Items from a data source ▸

⁂

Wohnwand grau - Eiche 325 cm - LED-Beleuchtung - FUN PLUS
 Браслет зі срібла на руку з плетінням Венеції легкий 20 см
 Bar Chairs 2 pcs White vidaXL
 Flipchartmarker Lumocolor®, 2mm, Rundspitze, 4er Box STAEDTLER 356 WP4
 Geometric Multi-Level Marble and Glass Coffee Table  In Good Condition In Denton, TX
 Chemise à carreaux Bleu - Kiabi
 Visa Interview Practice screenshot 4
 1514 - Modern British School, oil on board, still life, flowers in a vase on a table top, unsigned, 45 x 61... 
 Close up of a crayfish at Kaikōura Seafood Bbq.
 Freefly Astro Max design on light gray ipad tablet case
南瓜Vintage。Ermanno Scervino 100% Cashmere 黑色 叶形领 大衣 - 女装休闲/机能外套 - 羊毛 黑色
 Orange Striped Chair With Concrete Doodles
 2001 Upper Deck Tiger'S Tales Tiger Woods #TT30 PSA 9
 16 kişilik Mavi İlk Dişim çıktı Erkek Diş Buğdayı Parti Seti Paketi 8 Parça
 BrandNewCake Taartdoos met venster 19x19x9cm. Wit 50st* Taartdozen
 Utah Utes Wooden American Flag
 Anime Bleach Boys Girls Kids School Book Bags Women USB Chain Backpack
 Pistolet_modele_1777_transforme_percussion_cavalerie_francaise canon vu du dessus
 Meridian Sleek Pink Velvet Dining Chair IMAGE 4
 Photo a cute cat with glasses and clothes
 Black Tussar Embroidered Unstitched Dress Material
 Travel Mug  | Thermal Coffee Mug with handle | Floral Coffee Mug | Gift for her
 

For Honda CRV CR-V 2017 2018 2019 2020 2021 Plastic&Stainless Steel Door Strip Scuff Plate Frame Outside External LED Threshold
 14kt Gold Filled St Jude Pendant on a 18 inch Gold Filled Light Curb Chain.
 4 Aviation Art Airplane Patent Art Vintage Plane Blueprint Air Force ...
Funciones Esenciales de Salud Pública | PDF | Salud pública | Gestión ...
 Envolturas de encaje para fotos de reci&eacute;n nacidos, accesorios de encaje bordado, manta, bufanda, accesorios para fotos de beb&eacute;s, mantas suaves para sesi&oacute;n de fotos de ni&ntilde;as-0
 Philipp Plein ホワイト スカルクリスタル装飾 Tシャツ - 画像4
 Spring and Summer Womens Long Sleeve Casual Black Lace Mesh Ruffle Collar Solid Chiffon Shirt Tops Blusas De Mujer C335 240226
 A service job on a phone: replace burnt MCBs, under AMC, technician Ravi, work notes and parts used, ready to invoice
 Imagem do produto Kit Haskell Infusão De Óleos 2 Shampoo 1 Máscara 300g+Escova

⁂

EXERCISE DIRECTIONS ▸ The lines above should be duplicated exactly.

SOLUTION TO THIS TASK ▸
Wohnwand grau - Eiche 325 cm - LED-Beleuchtung - FUN PLUS
 Браслет зі срібла на руку з плетінням Венеції легкий 20 см
 Bar Chairs 2 pcs White vidaXL
 Flipchartmarker Lumocolor®, 2mm, Rundspitze, 4er Box STAEDTLER 356 WP4
 Geometric Multi-Level Marble and Glass Coffee Table  In Good Condition In Denton, TX
 Chemise à carreaux Bleu - Kiabi
 Visa Interview Practice screenshot 4
 1514 - Modern British School, oil on board, still life, flowers in a vase on a table top, unsigned, 45 x 61... 
 Close up of a crayfish at Kaikōura Seafood Bbq.
 Freefly Astro Max design on light gray ipad tablet case
南瓜Vintage。Ermanno Scervino 100% Cashmere 黑色 叶形领 大衣 - 女装休闲/机能外套 - 羊毛 黑色
 Orange Striped Chair With Concrete Doodles
 2001 Upper Deck Tiger'S Tales Tiger Woods #TT30 PSA 9
 16 kişilik Mavi İlk Dişim çıktı Erkek Diş Buğdayı Parti Seti Paketi 8 Parça
 BrandNewCake Taartdoos met venster 19x19x9cm. Wit 50st* Taartdozen
 Utah Utes Wooden American Flag
 Anime Bleach Boys Girls Kids School Book Bags Women USB Chain Backpack
 Pistolet_modele_1777_transforme_percussion_cavalerie_francaise canon vu du dessus
 Meridian Sleek Pink Velvet Dining Chair IMAGE 4
 Photo a cute cat with glasses and clothes
 Black Tussar Embroidered Unstitched Dress Material
 Travel Mug  | Thermal Coffee Mug with handle | Floral Coffee Mug | Gift for her
 

For Honda CRV CR-V 2017 2018 2019 2020 2021 Plastic&Stainless Steel Door Strip Scuff Plate Frame Outside External LED Threshold
 14kt Gold Filled St Jude Pendant on a 18 inch Gold Filled Light Curb Chain.
 4 Aviation Art Airplane Patent Art Vintage Plane Blueprint Air Force ...
Funciones Esenciales de Salud Pública | PDF | Salud pública | Gestión ...
 Envolturas de encaje para fotos de reci&eacute;n nacidos, accesorios de encaje bordado, manta, bufanda, accesorios para fotos de beb&eacute;s, mantas suaves para sesi&oacute;n de fotos de ni&ntilde;as-0
 Philipp Plein ホワイト スカルクリスタル装飾 Tシャツ - 画像4
 Spring and Summer Womens Long Sleeve Casual Black Lace Mesh Ruffle Collar Solid Chiffon Shirt Tops Blusas De Mujer C335 240226
 A service job on a phone: replace burnt MCBs, under AMC, technician Ravi, work notes and parts used, ready to invoice
 Imagem do produto Kit Haskell Infusão De Óleos 2 Shampoo 1 Máscara 300g+Escova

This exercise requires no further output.